Il y a quelques semaines, au moins une éternité, avant le 7 octobre et la nouvelle réalité que cette journée maudite a imposée à nos vies, je préparais un article sur l’importance du doute et le danger des certitudes, dont voici le début : « Et si l’on mettait un petit point d’interrogation à nos grandes certitudes ? L’homme a besoin de certitudes, face au mystère de l’après. Et pas seulement de l’après nous, mais du demain, du tout à l’heure, de tout ce qu’on ne contrôle pas, de la suite de notre destin qui – n’en déplaise aux gourous de la pensée positive et du « rêver son avenir, c’est déjà l’accomplir » – n’est pas vraiment entre nos mains. La vie est si pleine d’inconnues, elle dépend tellement du hasard, ce Dieu d’Einstein, souvent injuste, qui torture, qui s’acharne, reprend quand bon lui semble, sans que nous, ici-bas, n’y puissions rien comprendre, que nous avons besoin de nous accrocher à du dur, du solide, de l’indéfectible, comme les liens du sang, d’amitié – je ne dis pas d’amour, car l’animal est capricieux. Mais rien ne nous rassure autant que nos certitudes. Et c’est là que ça se corse. Car pour nous protéger, pour ne pas basculer, perdre pied, nous sommes prêts à nous battre contre quiconque prétend les éprouver, les ébranler. » Je finissais ainsi : « Prônons le doute, pour notre bien. Parce que, au fond, qui sait ? »
Depuis ces quelques lignes, il y a eu le 7 octobre, les tirs de mortier, les roquettes, les familles décimées et les corps suppliciés. Plus rien ne ressemble à avant. Le socle de ma vie ne s’est pas seulement fissuré, il m’a explosé au visage. Je réalise que moi aussi je me suis aveuglément reposée sur une certitude. Que j’y ai puisé ma force, ma faim et ma joie de vivre. En effet, je croyais que désormais nous, les Juifs, les voûtés, les soumis, nous, les raseurs de murs, n’avions plus à redouter que des bourreaux haineux nous écharpent au creux du lit, que des assassins féroces nous tirent comme des lapins, se délectant de notre sang et de notre terreur. Je croyais qu’Israël était et resterait. Je croyais qu’arrivée ici, je pouvais poser mes valises, m’installer comme on dit. Que j’avais enfin un chez moi.

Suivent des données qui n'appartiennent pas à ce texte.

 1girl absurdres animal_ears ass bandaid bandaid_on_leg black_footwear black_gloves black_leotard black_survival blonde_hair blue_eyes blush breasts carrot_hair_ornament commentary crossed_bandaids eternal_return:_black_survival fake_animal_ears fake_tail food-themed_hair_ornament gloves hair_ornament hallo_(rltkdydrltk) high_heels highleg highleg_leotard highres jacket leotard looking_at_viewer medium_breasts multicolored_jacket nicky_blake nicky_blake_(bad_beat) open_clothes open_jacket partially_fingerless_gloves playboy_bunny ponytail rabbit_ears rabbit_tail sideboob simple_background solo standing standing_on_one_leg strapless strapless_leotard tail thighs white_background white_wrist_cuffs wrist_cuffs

Mais maintenant, je doute. Tous les matins, je découvre les noms des derniers soldats tombés, si jeunes, pour le pays, pour moi, pour mon avenir. Combien de fois pourrais-je donner ma vie contre la leur ? Ma misérable vie d’invisible qui a bien vécu. Je rêve parfois de ne plus être. De ne plus voir. Ne plus savoir. J’en arrive même à envier mes chers disparus avant, à temps. J’erre d’une humeur à l’autre, au gré des mauvaises nouvelles qui ne manquent pas de tomber.
Face à la complexité des défis que nous affrontons, face à l’incompréhension, face à l’hostilité, face au mensonge, d’une question à l’autre, je me noie dans le doute. Pour aboutir, toujours aux mêmes interrogations. Qu’en sera-t-il de notre peuple ? Notre destin est-il de vivre à nouveau dispersés ? À nouveau têtes baissées ? De simplement disparaître ? Du fond du doute, je n’aspire plus qu’à un peu de certitude.